The Cornered Cat
Dum vivimus, vivamus!

While we live, let us live.

So many people talk about paying attention to the world around you as if it’s some weird, paranoid, scary, “tactical” thing. It is not! It is making the decision to live consciously. To be fully present in every moment. To listen, and really hear. To look, and really see. To be completely there in the world, every moment of every day.

Situational awareness and the physical skills of protecting yourself are foundational to an attitude that speaks louder than words. It’s not bluff, it’s not posturing, it’s not show. It’s not the frightened little dog yapping with fear and yelping for someone else to come deal with the scary bad thing. It goes beyond all that, right down to something fundamental about yourself.

Awareness and mindset skills do help us protect ourselves from violent crime, no doubt about that. But they are also very basic, very worthwhile skills for living well — living with confidence, living with awareness, living with full knowledge of who you are and what you can do and how you fit into the world.

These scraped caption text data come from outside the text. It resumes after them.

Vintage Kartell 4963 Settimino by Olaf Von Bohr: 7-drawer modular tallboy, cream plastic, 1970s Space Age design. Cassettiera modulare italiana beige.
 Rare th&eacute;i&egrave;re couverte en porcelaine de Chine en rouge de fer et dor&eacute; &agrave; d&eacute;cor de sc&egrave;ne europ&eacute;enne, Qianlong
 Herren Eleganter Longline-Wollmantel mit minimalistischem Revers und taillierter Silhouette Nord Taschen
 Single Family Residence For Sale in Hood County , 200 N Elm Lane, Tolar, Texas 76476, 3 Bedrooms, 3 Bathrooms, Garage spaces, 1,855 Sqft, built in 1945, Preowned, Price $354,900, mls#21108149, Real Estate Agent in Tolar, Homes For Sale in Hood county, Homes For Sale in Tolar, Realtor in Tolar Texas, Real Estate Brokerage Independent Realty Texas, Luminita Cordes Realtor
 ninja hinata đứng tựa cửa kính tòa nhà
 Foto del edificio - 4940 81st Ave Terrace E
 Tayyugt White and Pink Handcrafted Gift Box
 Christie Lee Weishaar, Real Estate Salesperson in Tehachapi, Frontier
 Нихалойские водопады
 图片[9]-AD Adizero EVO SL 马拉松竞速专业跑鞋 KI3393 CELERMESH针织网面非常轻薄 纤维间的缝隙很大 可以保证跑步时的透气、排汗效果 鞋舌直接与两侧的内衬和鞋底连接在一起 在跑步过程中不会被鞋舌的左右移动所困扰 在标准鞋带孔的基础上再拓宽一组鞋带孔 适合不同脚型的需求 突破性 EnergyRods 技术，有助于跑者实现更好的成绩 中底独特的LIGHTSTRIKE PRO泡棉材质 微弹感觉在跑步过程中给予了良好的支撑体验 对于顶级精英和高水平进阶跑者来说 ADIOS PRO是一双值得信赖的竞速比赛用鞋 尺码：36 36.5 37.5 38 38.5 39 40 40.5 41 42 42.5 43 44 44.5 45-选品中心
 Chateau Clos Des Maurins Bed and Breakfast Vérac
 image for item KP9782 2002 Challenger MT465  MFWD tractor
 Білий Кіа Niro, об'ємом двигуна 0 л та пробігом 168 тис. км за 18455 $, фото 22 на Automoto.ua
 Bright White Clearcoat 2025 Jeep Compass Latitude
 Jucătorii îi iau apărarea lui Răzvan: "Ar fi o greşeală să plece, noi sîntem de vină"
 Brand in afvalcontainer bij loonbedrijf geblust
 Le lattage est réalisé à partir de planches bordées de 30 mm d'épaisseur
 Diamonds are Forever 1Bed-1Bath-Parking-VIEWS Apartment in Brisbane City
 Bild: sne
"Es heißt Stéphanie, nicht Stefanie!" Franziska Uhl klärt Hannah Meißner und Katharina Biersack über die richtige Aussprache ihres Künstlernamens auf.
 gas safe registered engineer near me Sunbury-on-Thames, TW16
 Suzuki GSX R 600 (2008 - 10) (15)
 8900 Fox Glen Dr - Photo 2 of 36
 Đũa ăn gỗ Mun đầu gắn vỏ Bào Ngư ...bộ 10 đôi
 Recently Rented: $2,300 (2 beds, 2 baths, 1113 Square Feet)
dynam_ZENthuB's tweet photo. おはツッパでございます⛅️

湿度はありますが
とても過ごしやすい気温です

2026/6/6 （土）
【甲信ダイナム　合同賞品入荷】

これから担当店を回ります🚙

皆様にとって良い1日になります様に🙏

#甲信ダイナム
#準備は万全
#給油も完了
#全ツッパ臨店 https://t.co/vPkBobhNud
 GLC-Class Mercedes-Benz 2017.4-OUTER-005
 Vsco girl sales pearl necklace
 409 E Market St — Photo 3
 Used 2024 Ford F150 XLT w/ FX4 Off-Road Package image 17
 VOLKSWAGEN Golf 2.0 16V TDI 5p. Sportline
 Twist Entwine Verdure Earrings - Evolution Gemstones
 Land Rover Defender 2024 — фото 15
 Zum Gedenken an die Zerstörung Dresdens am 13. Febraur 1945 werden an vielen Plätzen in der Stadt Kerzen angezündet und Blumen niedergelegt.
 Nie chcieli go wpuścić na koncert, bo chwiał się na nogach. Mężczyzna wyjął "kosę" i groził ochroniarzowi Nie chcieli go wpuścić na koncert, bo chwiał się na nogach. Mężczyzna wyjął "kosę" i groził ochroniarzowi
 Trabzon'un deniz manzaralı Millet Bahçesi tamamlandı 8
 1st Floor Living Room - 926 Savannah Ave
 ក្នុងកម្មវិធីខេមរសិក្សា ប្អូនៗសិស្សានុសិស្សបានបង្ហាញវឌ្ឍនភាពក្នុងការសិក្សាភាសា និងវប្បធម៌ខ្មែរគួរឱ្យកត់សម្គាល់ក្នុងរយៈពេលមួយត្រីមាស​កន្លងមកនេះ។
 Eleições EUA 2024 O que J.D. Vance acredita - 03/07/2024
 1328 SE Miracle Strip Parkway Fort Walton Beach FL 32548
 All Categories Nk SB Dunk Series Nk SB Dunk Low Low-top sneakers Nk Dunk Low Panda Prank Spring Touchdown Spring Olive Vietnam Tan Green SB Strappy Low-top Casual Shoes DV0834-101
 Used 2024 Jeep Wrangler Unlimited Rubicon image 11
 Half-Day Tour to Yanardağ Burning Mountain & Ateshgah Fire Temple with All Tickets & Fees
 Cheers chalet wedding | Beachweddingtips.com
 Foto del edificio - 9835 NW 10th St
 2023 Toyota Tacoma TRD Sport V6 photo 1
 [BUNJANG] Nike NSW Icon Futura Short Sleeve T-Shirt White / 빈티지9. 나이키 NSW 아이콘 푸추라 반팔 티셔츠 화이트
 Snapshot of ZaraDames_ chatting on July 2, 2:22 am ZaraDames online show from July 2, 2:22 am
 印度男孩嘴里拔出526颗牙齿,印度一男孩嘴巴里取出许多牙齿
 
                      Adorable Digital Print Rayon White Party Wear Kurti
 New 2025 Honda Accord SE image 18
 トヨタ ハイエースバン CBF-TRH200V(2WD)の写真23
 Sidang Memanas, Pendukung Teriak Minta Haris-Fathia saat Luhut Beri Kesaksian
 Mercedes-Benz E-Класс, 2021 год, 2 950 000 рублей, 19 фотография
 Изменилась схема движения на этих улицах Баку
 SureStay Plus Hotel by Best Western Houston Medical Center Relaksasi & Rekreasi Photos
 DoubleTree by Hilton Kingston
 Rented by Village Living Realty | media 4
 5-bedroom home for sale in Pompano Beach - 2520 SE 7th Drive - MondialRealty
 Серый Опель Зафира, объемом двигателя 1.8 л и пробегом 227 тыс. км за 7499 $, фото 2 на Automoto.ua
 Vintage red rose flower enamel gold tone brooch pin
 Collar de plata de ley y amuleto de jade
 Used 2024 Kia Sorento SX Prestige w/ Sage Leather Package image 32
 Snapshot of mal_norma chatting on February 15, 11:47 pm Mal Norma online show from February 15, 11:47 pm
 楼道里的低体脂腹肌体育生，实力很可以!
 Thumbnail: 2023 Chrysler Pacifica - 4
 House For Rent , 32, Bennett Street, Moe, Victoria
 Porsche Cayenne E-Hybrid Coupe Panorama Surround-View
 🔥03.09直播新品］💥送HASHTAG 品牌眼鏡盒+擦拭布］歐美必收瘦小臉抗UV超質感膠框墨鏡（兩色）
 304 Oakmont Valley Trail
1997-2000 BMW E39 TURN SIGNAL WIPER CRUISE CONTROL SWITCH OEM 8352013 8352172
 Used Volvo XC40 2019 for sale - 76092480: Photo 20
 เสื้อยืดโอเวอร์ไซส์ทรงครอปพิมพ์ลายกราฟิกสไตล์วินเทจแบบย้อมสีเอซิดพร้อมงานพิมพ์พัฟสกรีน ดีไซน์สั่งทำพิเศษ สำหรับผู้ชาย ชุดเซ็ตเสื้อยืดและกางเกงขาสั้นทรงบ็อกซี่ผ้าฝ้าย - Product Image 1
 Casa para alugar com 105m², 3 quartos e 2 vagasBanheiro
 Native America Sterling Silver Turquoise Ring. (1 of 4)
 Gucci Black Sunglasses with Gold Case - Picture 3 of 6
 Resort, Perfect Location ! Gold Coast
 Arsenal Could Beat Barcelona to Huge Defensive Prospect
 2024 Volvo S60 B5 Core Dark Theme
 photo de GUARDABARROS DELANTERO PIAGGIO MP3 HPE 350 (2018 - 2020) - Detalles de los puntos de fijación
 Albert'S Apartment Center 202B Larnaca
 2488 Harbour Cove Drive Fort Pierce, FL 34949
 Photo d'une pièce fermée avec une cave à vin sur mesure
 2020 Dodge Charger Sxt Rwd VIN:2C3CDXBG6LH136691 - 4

The decision that your life is worth defending marks an important milestone on the path to living at peace inside your own skin. Most people never consciously decide what’s worth living for, what’s worth fighting for, what’s worth dying for, but you have. It settles your mind in a way that those who have never examined that choice never will know.

The commitment to really see things that are really there — not to turn our eyes away in disgust or fear of the things we don’t understand, not to miss filling our eyes with the fragile moments of beauty, not to skim busily past the humor or the pathos of life around us — that commitment marks a big milestone on the path to full consciousness. Most people go through life half-asleep, and you just made the decision to wake up.

Deciding that you will act means you believe you have agency, that the things you do really matter and make a difference, that you fully own your own power and your own choices. That’s the major milestone on the path to adulthood.

Taking time to master (not just learn, but master) the skills you may need to protect yourself and the people you love — that’s turning away from posturing or posing, and turning toward full responsibility for yourself and your choices. Acquiring the physical skills teaches you something about the limits of those skills and your willingness to use them. It helps you make better and more responsible choices throughout the rest of your life.

All of these things really do make us better prepared to defend our own physical selves. But better than that, they help us fully live.